= Frederick Robert Newton =

Anglican minister and schoolmaster

Frederick Robert Newton (1841–1926) was an Anglican minister and schoolmaster.

== Biography ==
Frederick Newton was born in Nailsea, England, to Robert and Elizabeth Newton in 1841. He was educated in Neuwied, Germany, and first came to Sydney, Australia, in 1858. He taught mathematics in Eaglesfield, and in 1871 opened a Church of England Grammar School in Grafton with Rev. Josiah Spencer. In 1875 he opened a private boys school in Wollongbar. He worked as a minister in Casino, and was made deacon in 1876 and ordained in 1877, becoming the first incumbent of the new parish. He often worked without remuneration, traveling to different congregations scattered about the area. In 1878, he started another boys school in Lismore. From 1885 to 1893 Newton served as curate in a number of places. He continued serving the church and finally served as vicar in Nimbin before his retirement.

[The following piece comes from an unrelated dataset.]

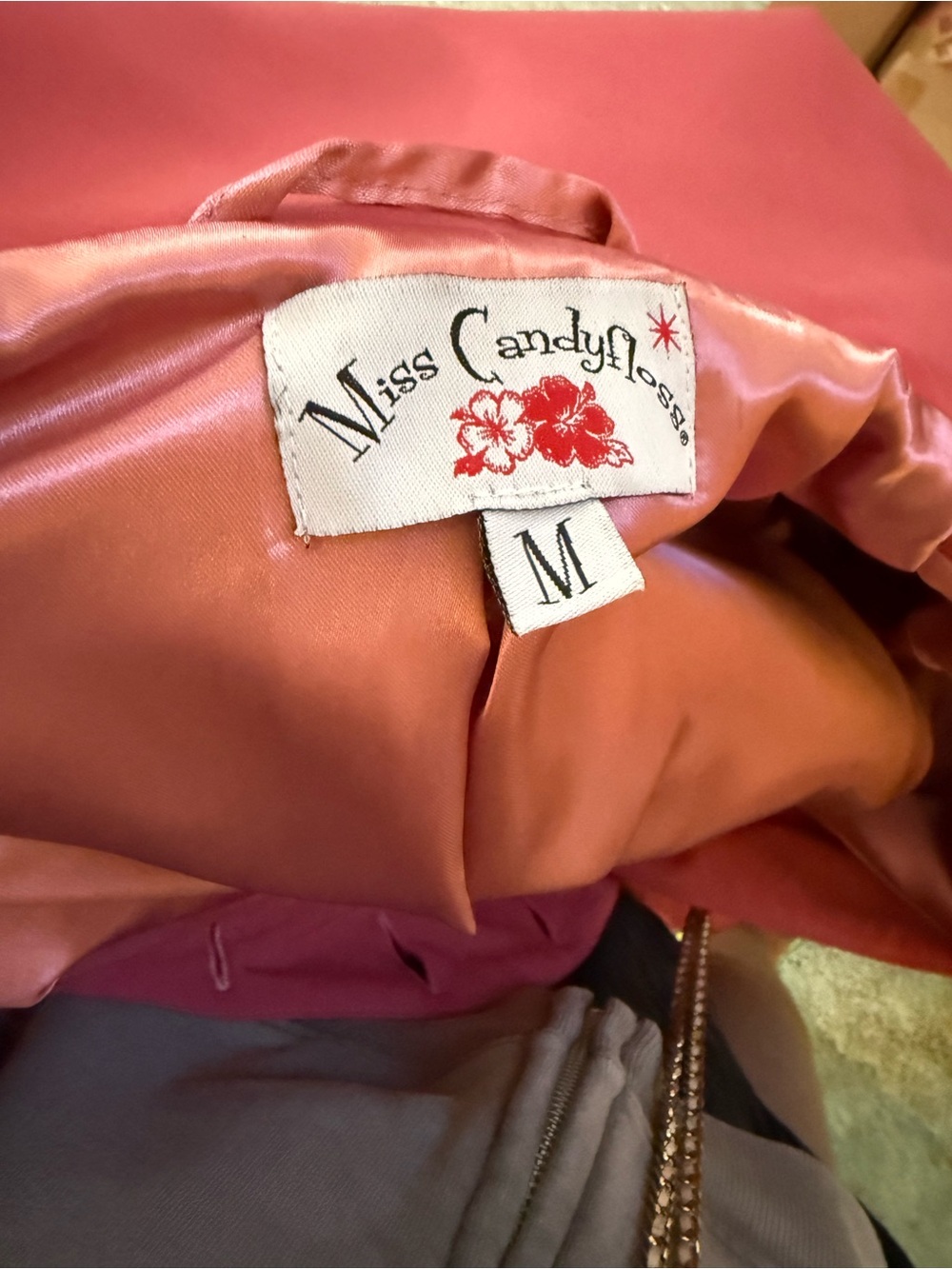 Medium Miss Candyfloss Loris Waterproof Coat in Raspberry - Picture 2 of 3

Although he remained unmarried until his death, he legally adopted the orphaned children of another cleric who had died, and took charge of the welfare and education of the three sons of Albert Dhalke, who had been murdered, as well as finding them employment. One of his adopted sons, Henry Newton, was educated in England and ordained to work with Frederick Newton in the Esk parish in Queensland; eventually becoming bishop of Carpentaria in 1915 and of New Guinea in 1922, and would write a booklet about the life of his adopted father with Robert L. Dawson.

Newton retired to Wollongbar where his brother lived, and died on April 23, 1926, at the age of 84.